SÜNEN EBU DAVUD

Bablar    Konular    Numaralar  

CİHAD BAHSİ

<< 2688 >>

NUMARALI HADİS-İ ŞERİF:

 

حَدَّثَنَا مُوسَى بْنُ إِسْمَعِيلَ قَالَ حَدَّثَنَا حَمَّادٌ قَالَ أَخْبَرَنَا ثَابِتٌ عَنْ أَنَسٍ أَنَّ ثَمَانِينَ رَجُلًا مِنْ أَهْلِ مَكَّةَ هَبَطُوا عَلَى النَّبِيِّ صَلَّى اللَّهُ عَلَيْهِ وَسَلَّمَ وَأَصْحَابِهِ مِنْ جِبَالِ التَّنْعِيمِ عِنْدَ صَلَاةِ الْفَجْرِ لِيَقْتُلُوهُمْ فَأَخَذَهُمْ رَسُولُ اللَّهِ صَلَّى اللَّهُ عَلَيْهِ وَسَلَّمَ سِلْمًا فَأَعْتَقَهُمْ رَسُولُ اللَّهِ صَلَّى اللَّهُ عَلَيْهِ وَسَلَّمَ فَأَنْزَلَ اللَّهُ عَزَّ وَجَلَّ وَهُوَ الَّذِي كَفَّ أَيْدِيَهُمْ عَنْكُمْ وَأَيْدِيَكُمْ عَنْهُمْ بِبَطْنِ مَكَّةَ إِلَى آخِرِ الْآيَةِ

 

Enes (r.a) den; demiştir ki:

 

Sabah namazı vaktinde Mekkelilerden seksen kişi Tenim dağlarından Peygamber (s.a.v.) in ve ashabının üzerine, onları öldürmek için. (ansızın) indiler.

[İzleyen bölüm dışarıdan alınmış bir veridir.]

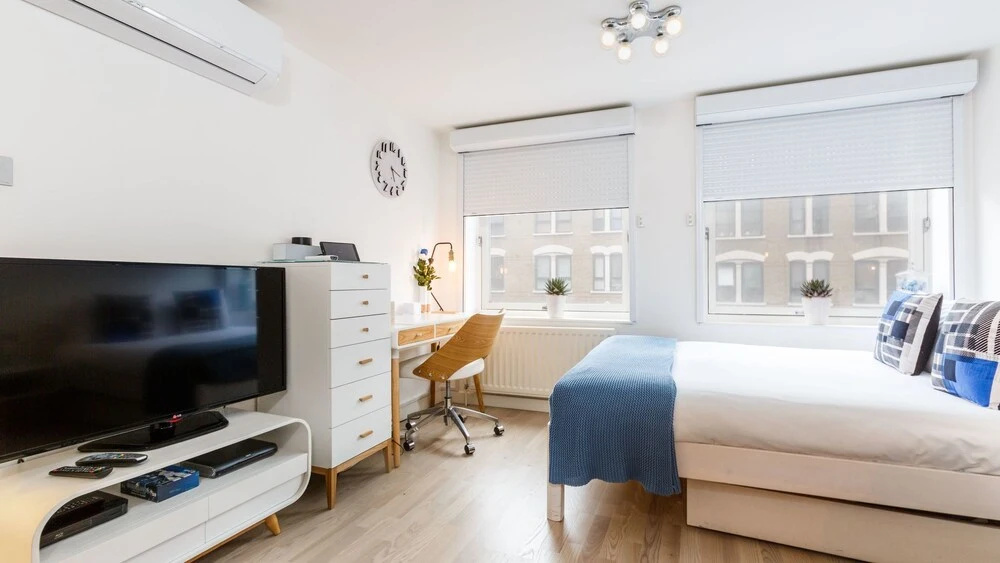 Convenient Soho Premium 5* with Air Conditioning!
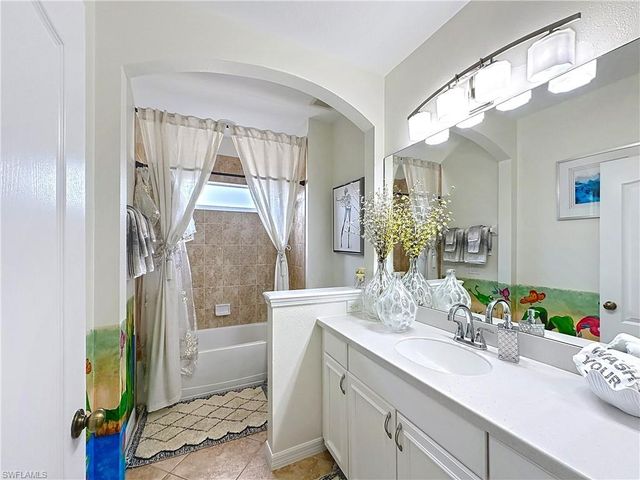 3032 Via Rialto ST, Fort Myers, FL 33905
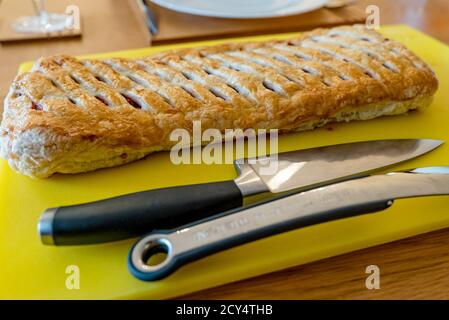 Rote Bete Blätterteig Gitter serviert auf einem Schneidebrett bei Ein Tisch mit Aknife und Fischschnitt Stockfoto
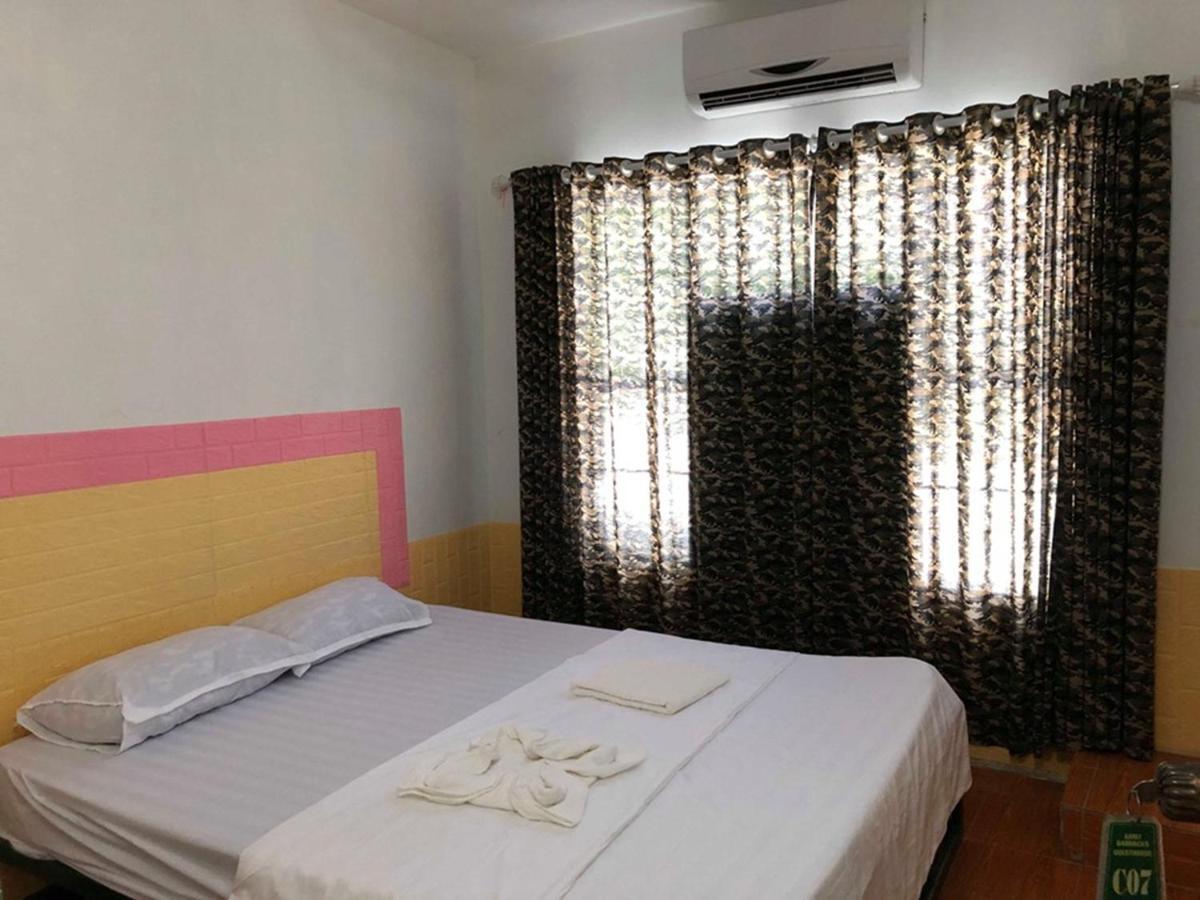 Army Barracks Guesthouse Ванг Виенг Екстериор снимка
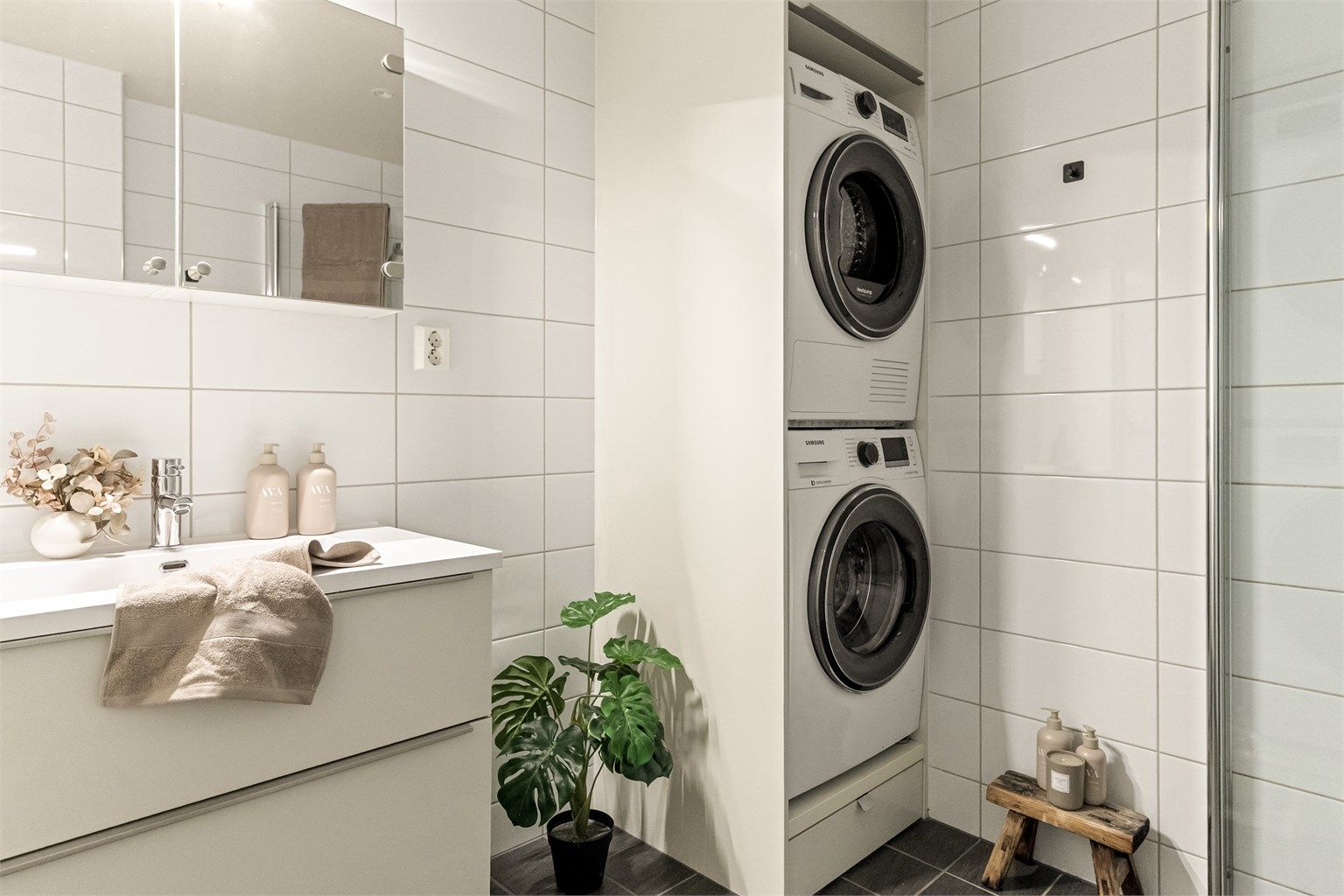 - Opplegg og plass til tørketrommel og vaskemaskin -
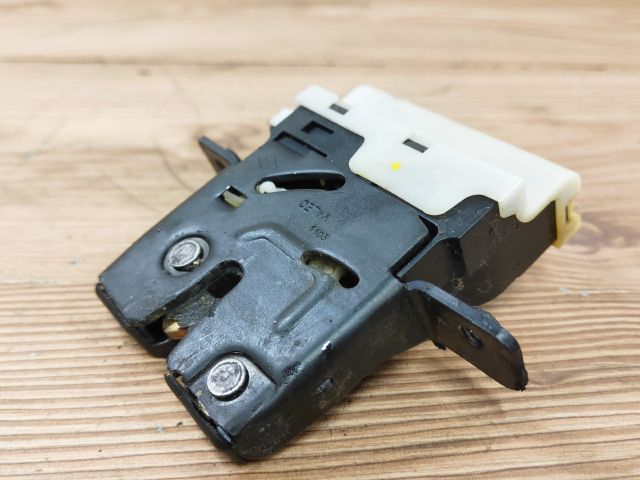 bontott RENAULT ESPACE IV Csomagtérajtó Zárszerkezet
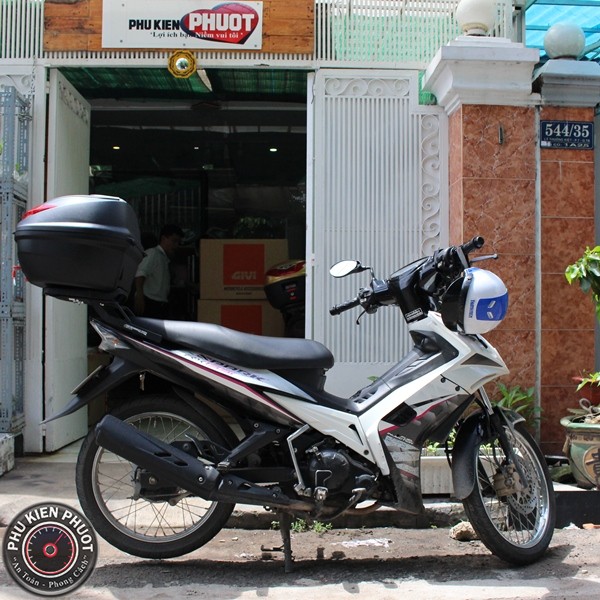 thung sau givi B360N cho exciter 2009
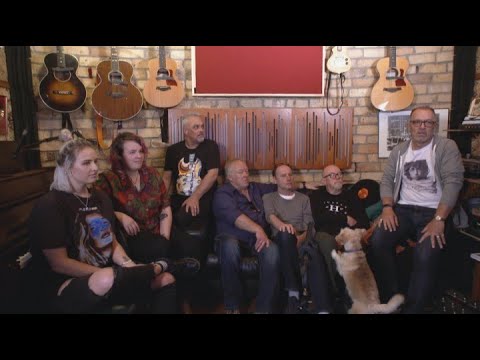 Legendary Kiwi rock band Th' Dudes to be inducted tonight into NZ Music Hall of Fame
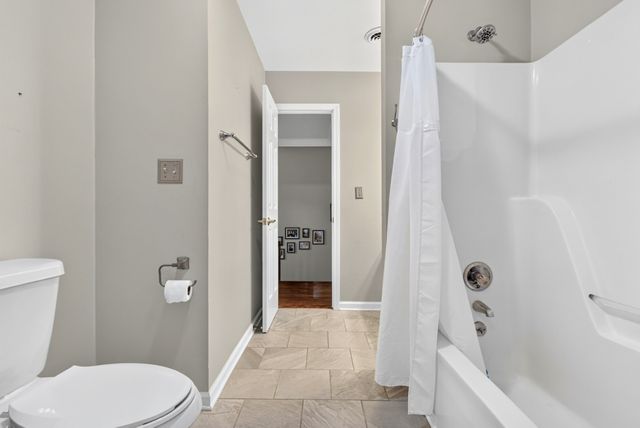 2706 Wakefield Dr, Clarksville, TN 37043
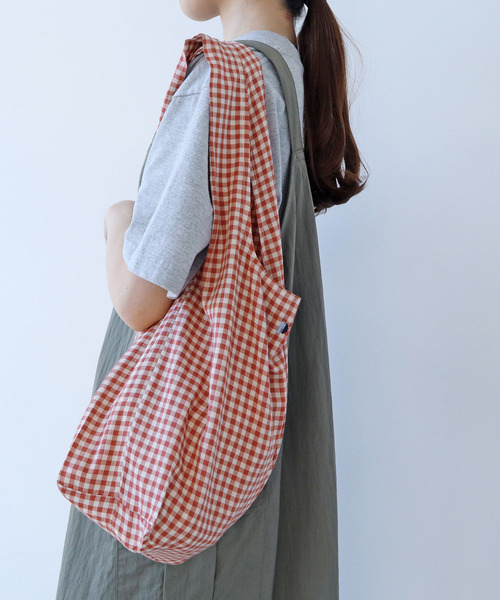 PAR ICI（パーリッシィ）の「ギンガムチェック P刺繍エコバッグ（エコバッグ/サブバッグ・レディース・ネイビー/レッド/ブルー/ブラック×グリーン/ブラック×レッド・FREE）」の6枚目の写真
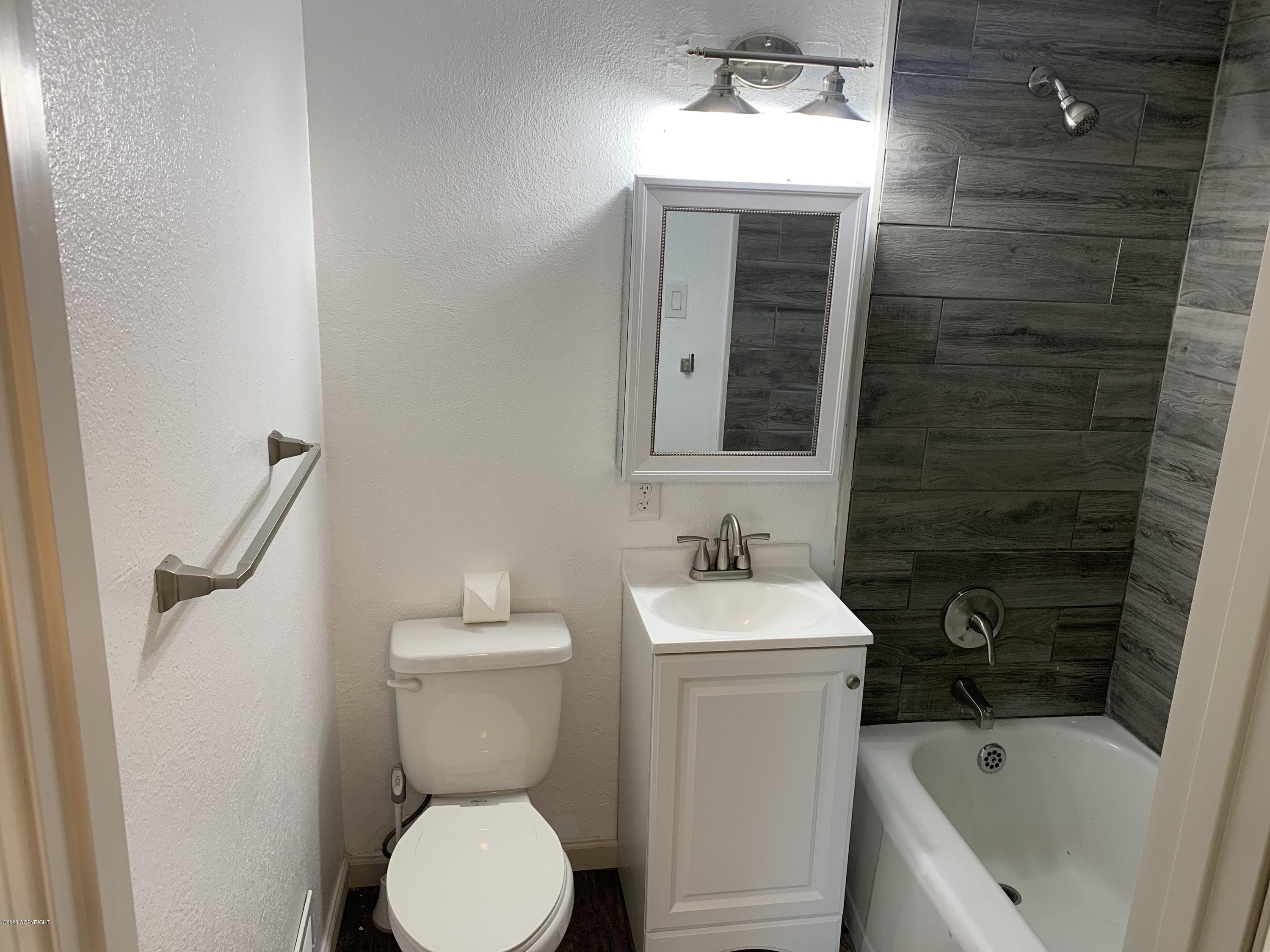 1521 Kinnikinnick Street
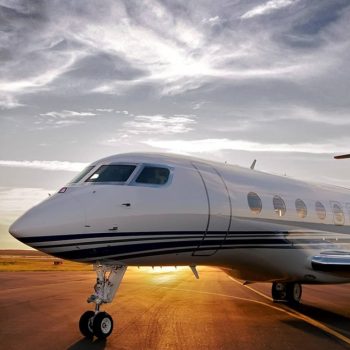 Private charter jet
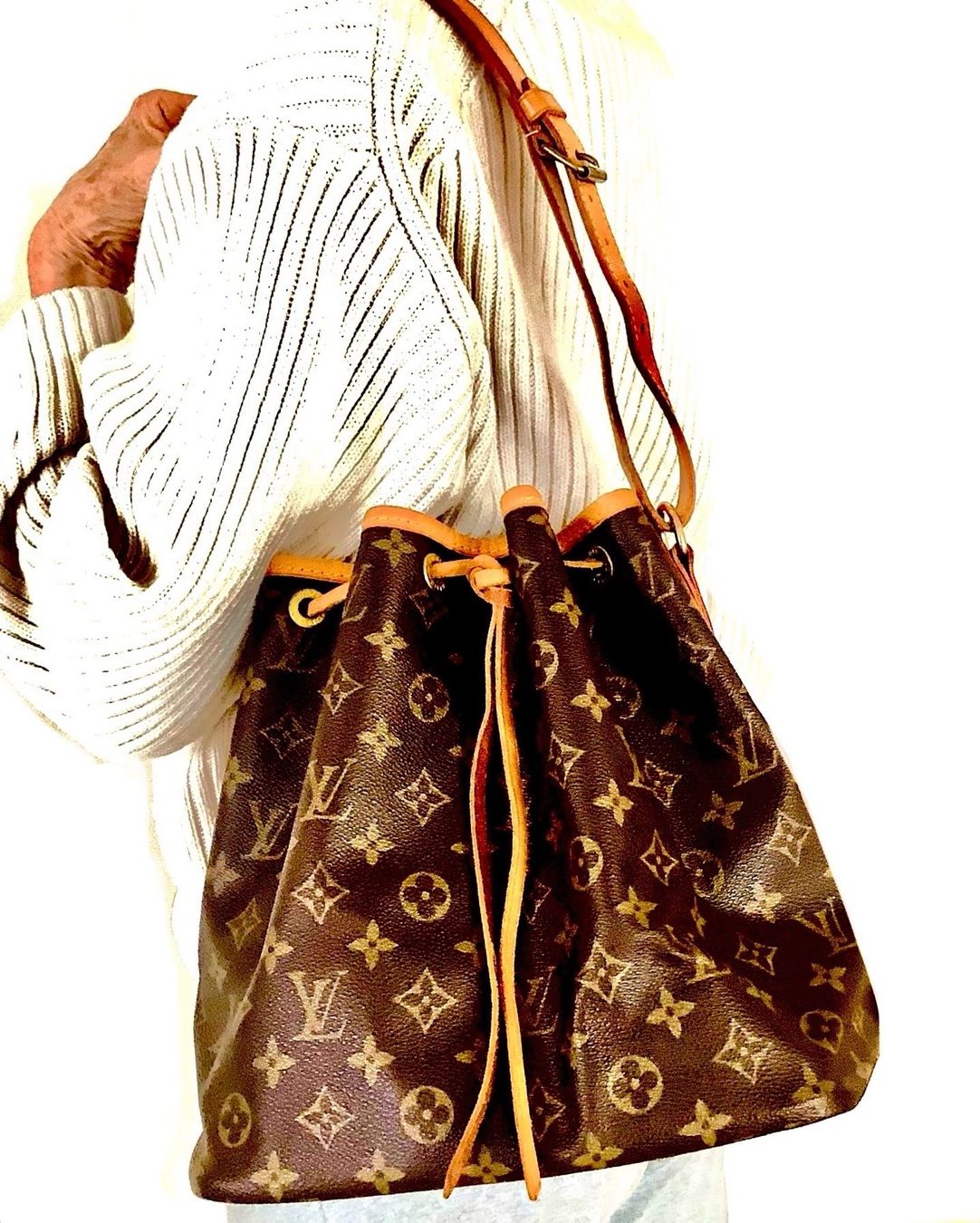 Louis Vuitton Borse da donna: Louis Vuitton Noe Petit Monogram Innen+Aussen Top – Usato da Küsnacht ZH venduto da Vuit-on 5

Rasûlullah (s.a.v.) onları esir olarak ele geçirdi. Sonra serbest bıraktı. Bunun üzerine Aziz ve Celil olan Allah,

"Mekke'nin göbeğinde onlara karşı size zafer verdikten sonra, onların ellerini sizden, sizin ellerinizi de onlardan çeken odur."[Fetih 24] ayet-i kerimesini sonuna kadar indirdi.

 

 

İzah:

Müslim, cihad; Tirmizi, tefsir; Ahmed b.Hanbel III, 125, 290.

 

Tenîm, Mekke ile Şerif arasında, Mekke'ye üç ya da dört rriil uzaklıkta bir yerdir. Mekke'ye en yakın mikat burası olduğu için harem dairesi içerisinde bulunup da Umre yapmak isteyenler, ihrama girmek için buraya gelirler. Bu sebeple halk arasında burası "umre" ismiyle anılır.

 

Mekkeli müşriklerin Hudeybiye musalehası yılında müslümanlara saldırmak için sabah namazı vaktini seçmiş olmalarının sebebi, kendilerince müslümanları ansızın ve gafil olarak yakalamaktı. Fakat aslında gafil olan kendileri oldukları için müslümanlar tarafından kıskıvrak yakalandılar.

 

Metinde geçen kelimesi "selem" ve "silm" şeklinde okunabilir.

 

"Selem" şeklinde okunduğu zaman esir etmek, "silm" şeklinde okunduğu zaman da sulh yapma, uzlaşma anlamına gelir. Hattabi ile lbnü'1-esir bu ke­limeyi esir etme anlamına gelen "selm" şeklinde okumanın daha doğru ola­cağını söyledikleri için biz de tercümemizde bu manayı tercih ettik.

 

Bu hadisri şerif esiri karşılıksız olarak serbest bırakmanın caiz olduğu­nu söyleyen İmam-ı Şafiî'nin delilidir.

 

Hanefi ulemasına göre ise esiri meccânen serbest bırakmak caiz değil­dir. İsterse bu esir islamiyeti kabul etmiş olsun.

 

İmam Malik ile İmam Ahmed'e göre de esirleri serbest bırakmak caiz değildir.

 

İmam Şafiî (r.a)'e göre ise veliyyüM-Emr, göreceği bir gerekçeye bağlı olarak, esirleri bir bedel mukabilinde olmaksızın serbest bırakabilir.[Bilmen Ö.Nasuhi, Hukuki İslâmiyye, III. 403.]